Diffuse radio sources are not the only indication of non-thermal activity in the ICM. The prospects for the X-ray detection of inverse-Compton emission originating from radio emitting electrons and photons of the microwave background were presented about 30 years ago [108, 109]. Significant progress in the search of non-thermal emission in the hard X-ray band (> 20 keV, HXR) has been recently made owing to the improved sensitivity and wide spectral capabilities of the BeppoSAX and the Rossi X-ray Timing Explorer (RXTE) satellites (see the review by Fusco-Femiano et al. [110]).

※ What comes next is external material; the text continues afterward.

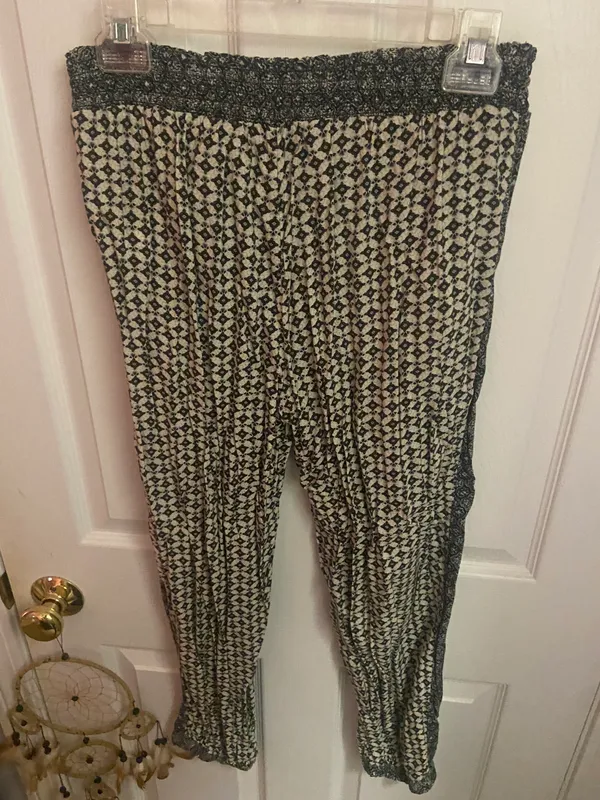 American Eagle Outfitters Lounge Pants - Image 3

Evidence for the presence of HXR radiation in excess to the thermal emission has been obtained in the spectrum of Coma [111, 112, 113, 114]. In Fig. 5, we report the combined hard X-ray spectrum of the Coma cluster, obtained using BeppoSAX data of two independent observations of 90 ksec and 300 ksec [114]. The non-thermal excess with respect to the thermal emission is at a confidence level of ~ 4.8sigma and has a flux of (1.5 ± 0.5) × 10-11 erg cm-2 s-1 in the 20-80 keV energy band (assuming a photon index GammaX = 2.0). In the framework of the IC model (see Sec. 3.4) the combination of the radio and non-thermal X-ray fluxes allows an estimate of the volume-averaged intracluster magnetic field of ~ 0.2 µG.

Figure 5

Figure 5. Coma cluster -- PDS data. The continuous line represents the best fit with a thermal component at the average cluster gas temperature of 8.1 keV. The errors bars are quoted at the 1sigma level 114.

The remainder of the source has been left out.